> **EXERCISE PROMPT**
Repeat the data as given. Images do not go in the copy.

> **INFORMATION PROVIDED**
━━━━━━

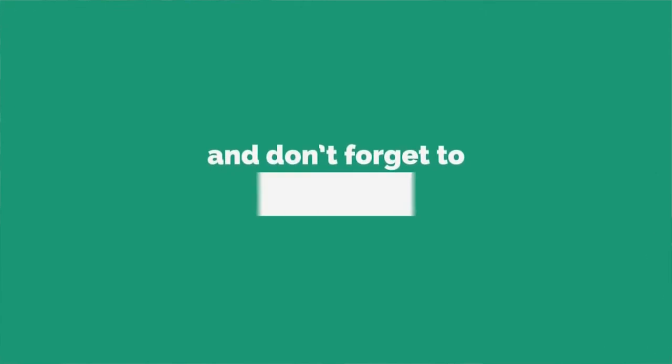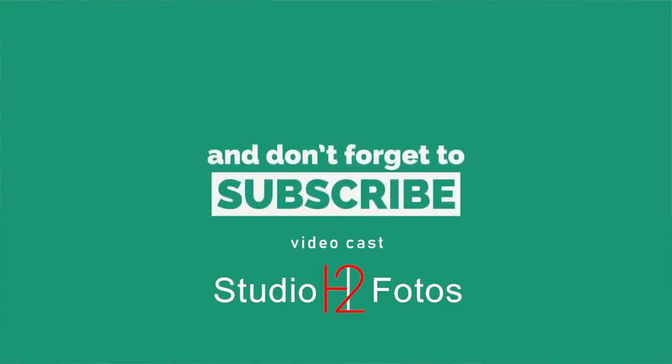I hope this video was useful to you. If you like this video, please click the like button, share this video, and subscribe to the channel. Thank you.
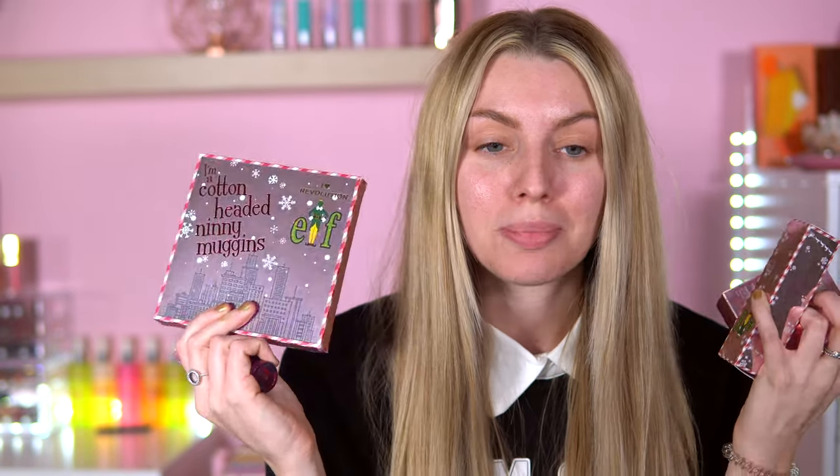I cannot wait. I am super stoked with the packaging — it's just bang on. But I want to know if the actual quality matches up to the packaging, because we've had some issues with these collabs. Usually the packaging is a lot better than the actual quality. So if you're excited to see what this collaboration is all about, how it's going to perform, what the quality is like, then make sure you keep watching. Hit subscribe. I'll probably do another look using this palette in an upcoming video, so stay around. Let's see what this collection is all about.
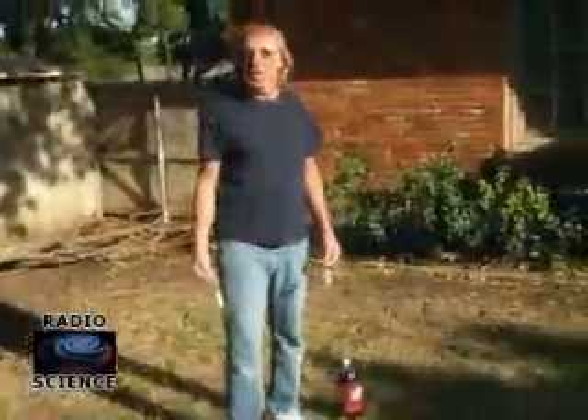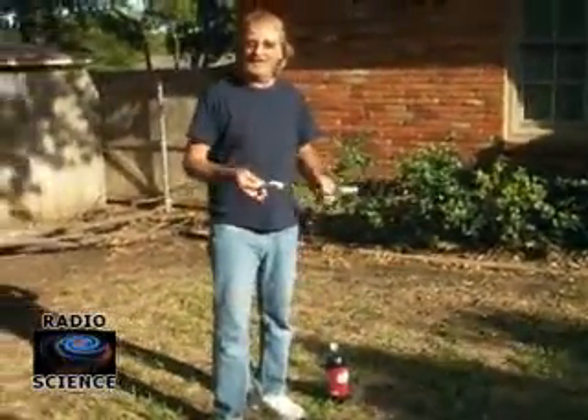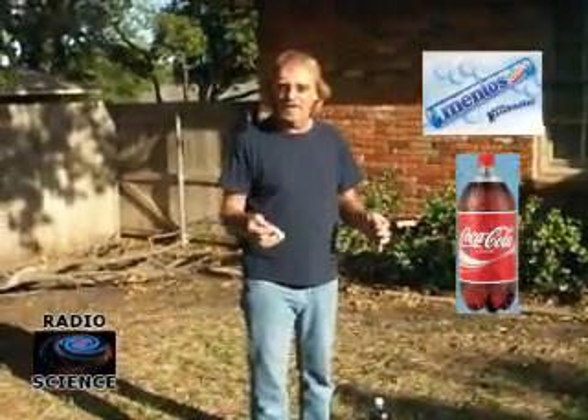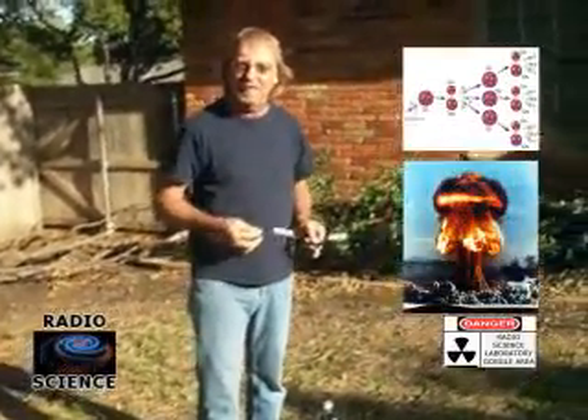Welcome to the Mentos Coke Explosion. We're among the many thousands of people who have done this — we've done this ourselves in the past couple of days. The standard seems to be Mentos and Diet Coke. When you put them together, it causes a chain reaction where the Coke explodes out of the bottle.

━━━━━━

> **ANSWER BOX**
I hope this video was useful to you. If you like this video, please click the like button, share this video, and subscribe to the channel. Thank you.
I cannot wait. I am super stoked with the packaging — it's just bang on. But I want to know if the actual quality matches up to the packaging, because we've had some issues with these collabs. Usually the packaging is a lot better than the actual quality. So if you're excited to see what this collaboration is all about, how it's going to perform, what the quality is like, then make sure you keep watching. Hit subscribe. I'll probably do another look using this palette in an upcoming video, so stay around. Let's see what this collection is all about.
Welcome to the Mentos Coke Explosion. We're among the many thousands of people who have done this — we've done this ourselves in the past couple of days. The standard seems to be Mentos and Diet Coke. When you put them together, it causes a chain reaction where the Coke explodes out of the bottle.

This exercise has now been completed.